**WHAT TO DO:**
What you write must be the lines from the one holding "4th image of 307 Owls Nest Court" through the final line of the records below, reproduced exactly, minus the pictures.

**INFORMATION SUPPLIED:**
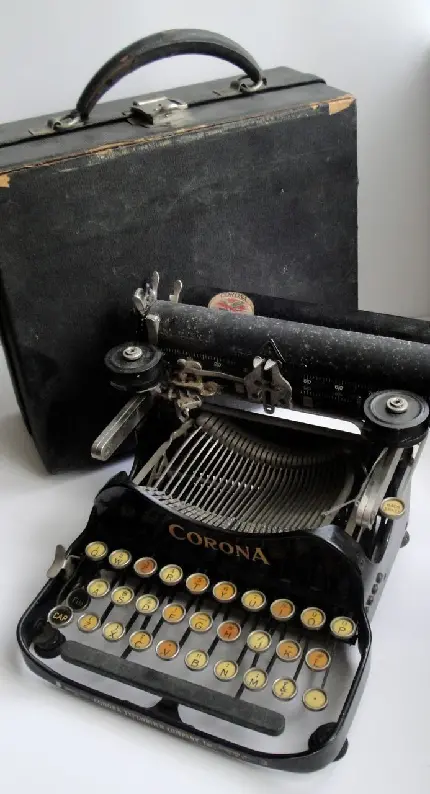 Download Old Typewriter Background Image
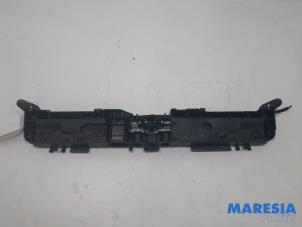 Used Lock plate Renault Clio IV (5R) 1.2 TCE 16V GT EDC Price € 50,00 Margin scheme offered by Maresia Parts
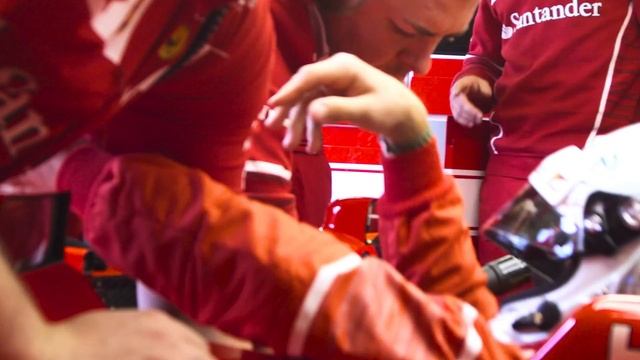 Ray-Ban x Scuderia Ferrari, the next chapter смотреть онлайн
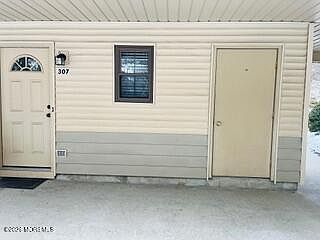 4th image of 307 Owls Nest Court
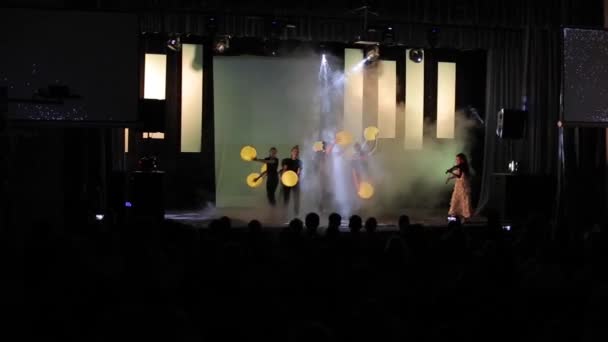 Moskva, Rusko - 5. srpna 2018: Taneční show. Skupina mladých lidí tančí na pódiu. Mladý muž přestávka tanec — Stock video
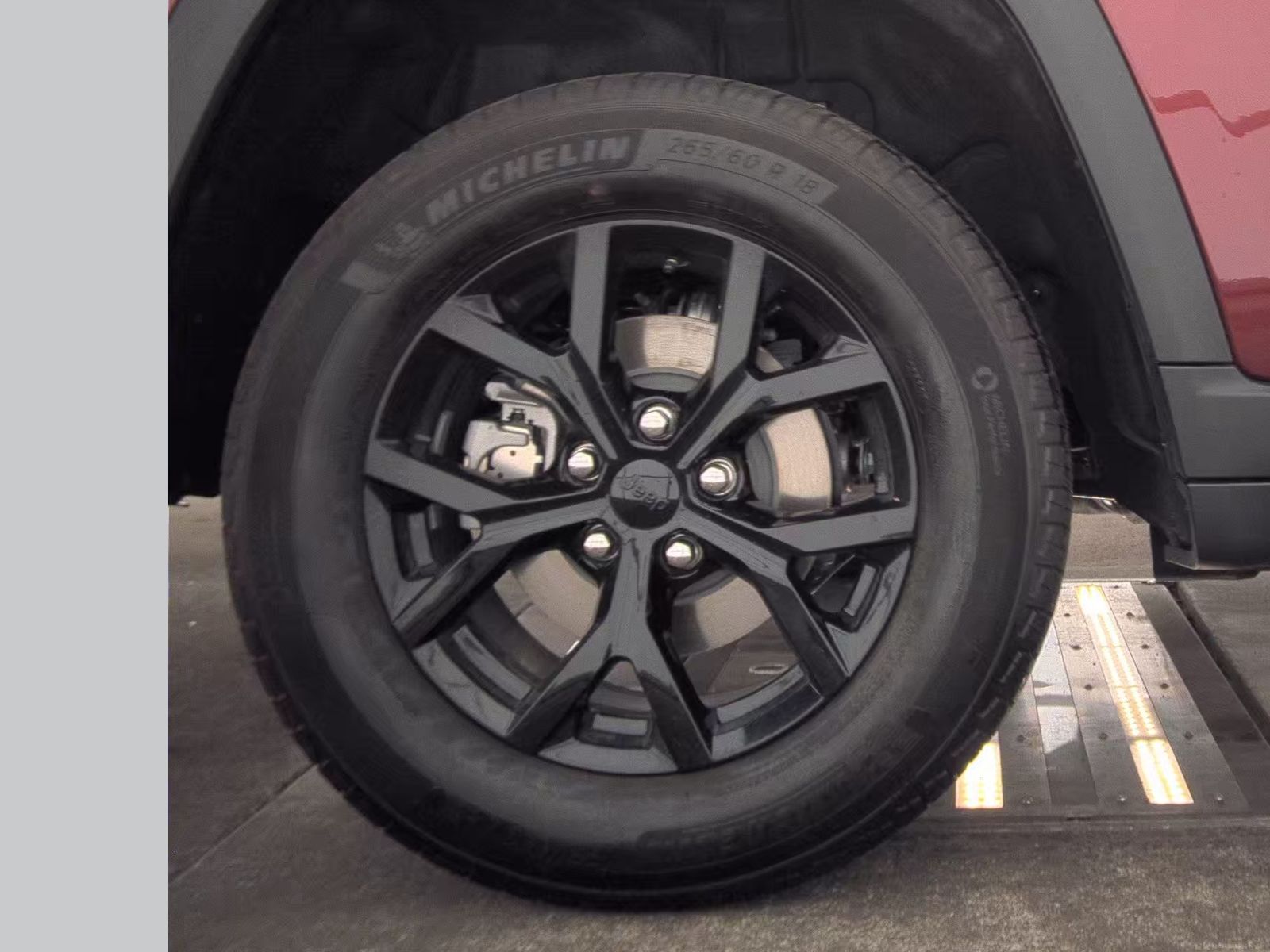 2024 Jeep Grand Cherokee Altitude RWD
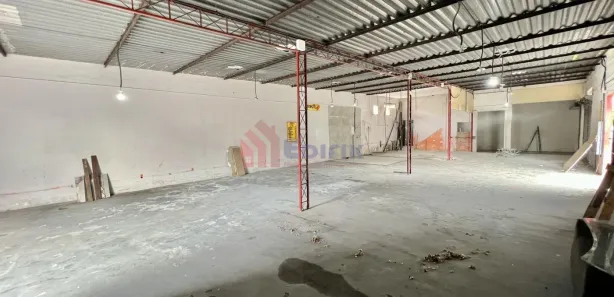 Galpão/Depósito/Armazém para alugar, 250m² no Centro, Nova Iguaçu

**ANSWER FOR THIS EXERCISE:**
 4th image of 307 Owls Nest Court
 Moskva, Rusko - 5. srpna 2018: Taneční show. Skupina mladých lidí tančí na pódiu. Mladý muž přestávka tanec — Stock video
 2024 Jeep Grand Cherokee Altitude RWD
 Galpão/Depósito/Armazém para alugar, 250m² no Centro, Nova Iguaçu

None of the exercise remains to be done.